Should I be concerned? I am, honestly. Not worried about the playing, but worried that when he hurts him he doesn't back off.


----------



## neVar (Dec 25, 2009)

how old was G when heleft the litter? 

It sounds to me like poodle needs some work on calming down- playing rough enough that there is blood- is a step beyond playing IMO- and is possibly a more dominant "GRRR im the boss" type thing- which can easily build out of play. 

At this time i would probably keep play times short- my poodle does this with my puppy- sometimes she just gets over the top and rolls my puppy (Puppy is 8 month Aussie BTW- but fairly 'soft" to the poodle) I keep their play times short. 

When G starts ramping up id call him off and give another toy to each dog (Kong filled with goodies) to distract and teach Play- get excited- CALM into a behavior. 

you could also lookinto some calming behavior work - good things for any dog to learn- such as Control Unleashed and Click to Calm


----------



## msminnamouse (Nov 4, 2010)

Great advice from NeVar. It also sounds like he may have never learned bite inhibition, or maybe he has but he's just getting over stimulated and he forgets.

I'd recommend the same thing that I do for overly rough mouthing with humans. 

Keep a toy handy at all times to redirect him onto it. When you see that his biting is getting too rough, redirect him onto the toy and praise him to teach him that he's doing the right thing by taking out his hard biting urges on the toy. In time, and with encouragement and reinforcement, he'll learn that a toy is the appropriate outlet for that kind of biting. Gentle biting play is appropriate for playmates. You'll need to have toys available for him to self-redirect onto when the biting urges take over. 

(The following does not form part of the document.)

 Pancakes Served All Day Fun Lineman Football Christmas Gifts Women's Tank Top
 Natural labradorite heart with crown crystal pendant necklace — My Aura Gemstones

If they squabble over toys left out, this is the time to work on that, or keep them available for you to hand him every time.


----------



## MaryLynn (Sep 8, 2012)

neVar said:


> how old was G when heleft the litter?
> 
> It sounds to me like poodle needs some work on calming down- playing rough enough that there is blood- is a step beyond playing IMO- and is possibly a more dominant "GRRR im the boss" type thing- which can easily build out of play.
> 
> ...


I suspect that my puppy was separated before the breeder states that they were, I did not suspect this until after I had gotten him-he has other behaviours that lead me to think he did not get socialized by mom/litter mates very well. While I bought him under the impression he had the correct start, I am very unsure that this is the case. I suspect he was removed from the mother during weaning. All that aside, he is very calm all the time except when he plays with Bruce. 
I do my best to separate the play, or distract it once Gryphon starts putting the terrier in his mouth, but of course there are so many recommendations out there that some mouth is okay, some say it isn't so I appreciate your personal account. I just want to make sure that I am not hurting the situation, I guess I just want to know is if I separate them too much am I inhibiting the learning process he may not have gotten?

I am going to start working on "calm" with him, which I will of course need Bruce's help with, since he doesn't get excited very much otherwise.


----------



## lily cd re (Jul 23, 2012)

I think I agree with neVar and msminnamouse that this is too much. I also agree that redirecting Gryphon when he gets over the top is probably the best strategy. Lily definitely thinks she can give Peeves behavior corrections. She has never drawn blood, but we don't like letting her think she can tell him what to do. Example, they are both called inside from the yard. She comes in right away and he often can be stubborn about it. I will stand at the door with him looking at me like no I really don't want to come in. If Lily is near the door when he finally does come in she will grab him by the scruff of the neck and drag him the rest of the way into the house. We deal with this through redirects. If she has come in before him, I put her on a sit or down stay away from the door. She has something useful to do and he crosses the threshold in peace.


----------